▸ Exercise instructions: Write out exactly the lines between the line containing "CHANEL Black and" and the end of the records, counting both ends, and leave out all pictures.

▸ Working data:
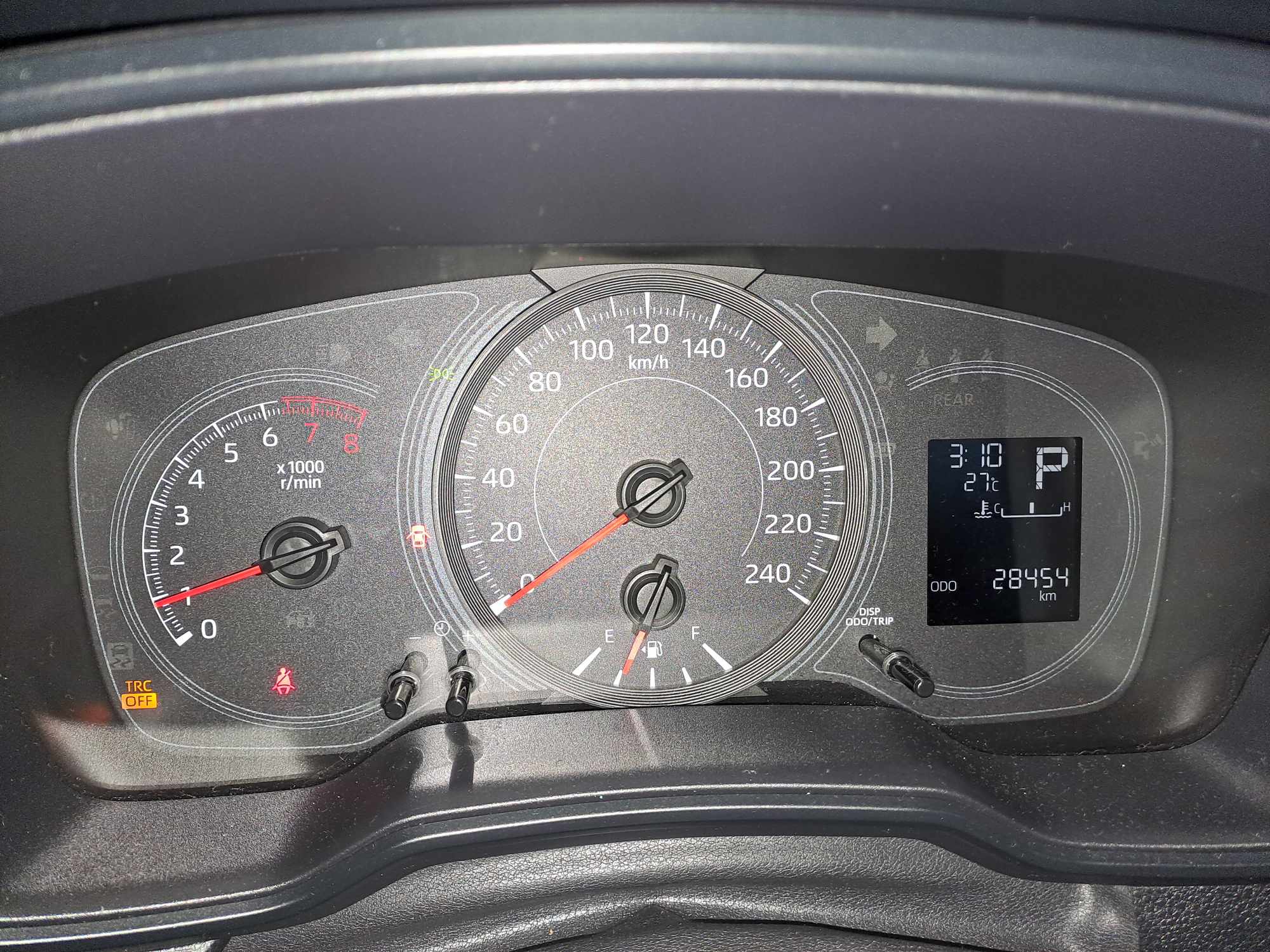 2021 TOYOTA COROLLA CROSS 1.8 XS thumbnail 3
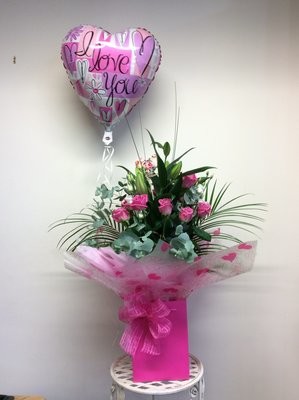 Pink Perfection Aqua Bouquet With I Love You Balloon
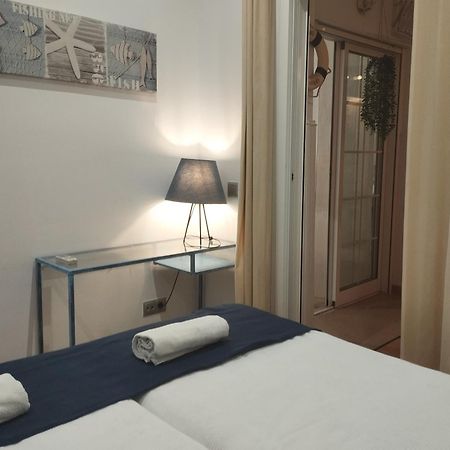 Port House, Paseo Maritimo,A Un Minuto Playa Apartman Fuengirola Kültér fotó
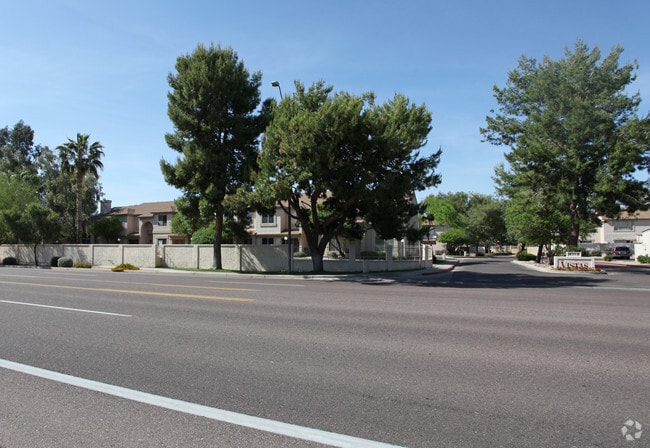 Building Photo - Vistas Apartments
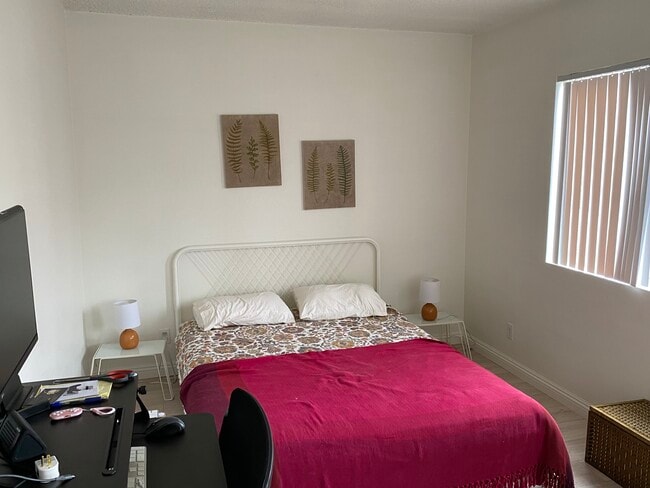 Building Photo - 1534 Stanford Ave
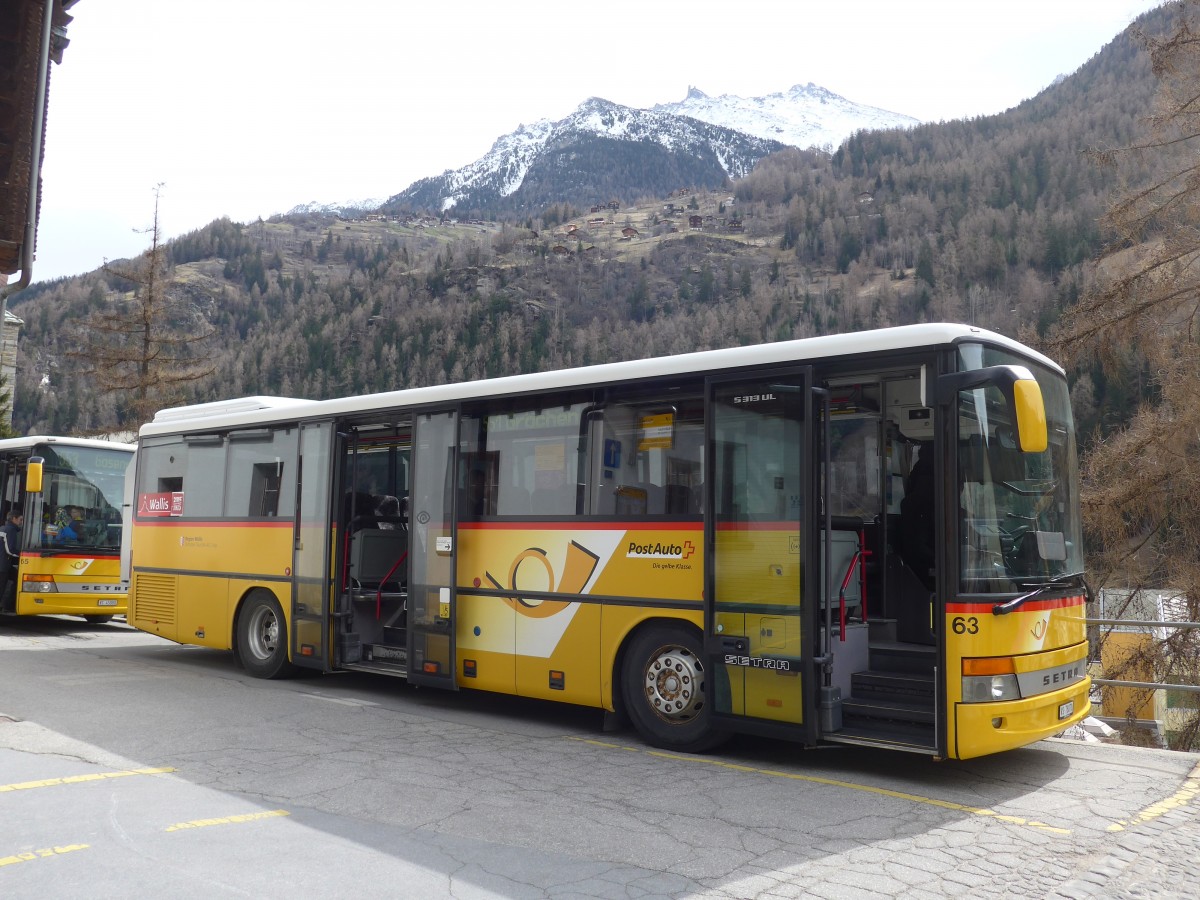 (159'602) - Zerzuben, Visp-Eyholz - Nr. 63/VS 78'070 - Setra am 2. April 2015 beim Bahnhof St. Niklaus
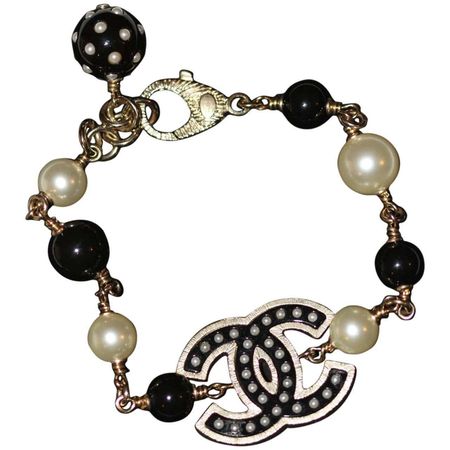 CHANEL Black and White Beaded Link Bracelet For Sale at 1stDibs | chanel link bracelet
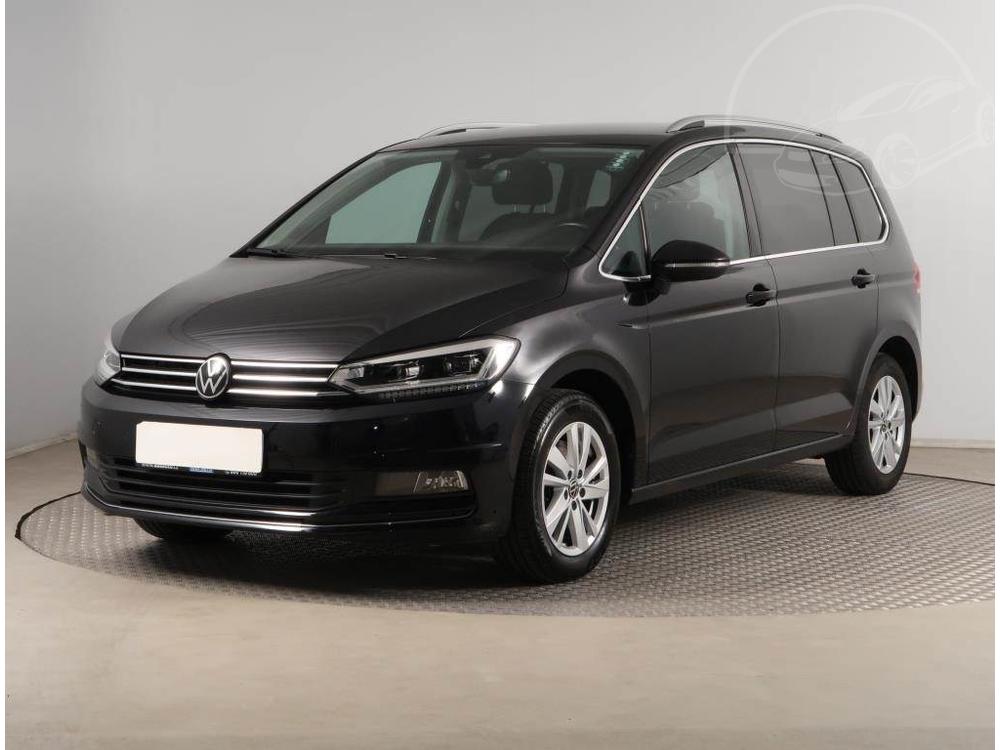 Volkswagen Touran 1.5 TSI, Highline, Automat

▸ Solution to this task:
 CHANEL Black and White Beaded Link Bracelet For Sale at 1stDibs | chanel link bracelet
 Volkswagen Touran 1.5 TSI, Highline, Automat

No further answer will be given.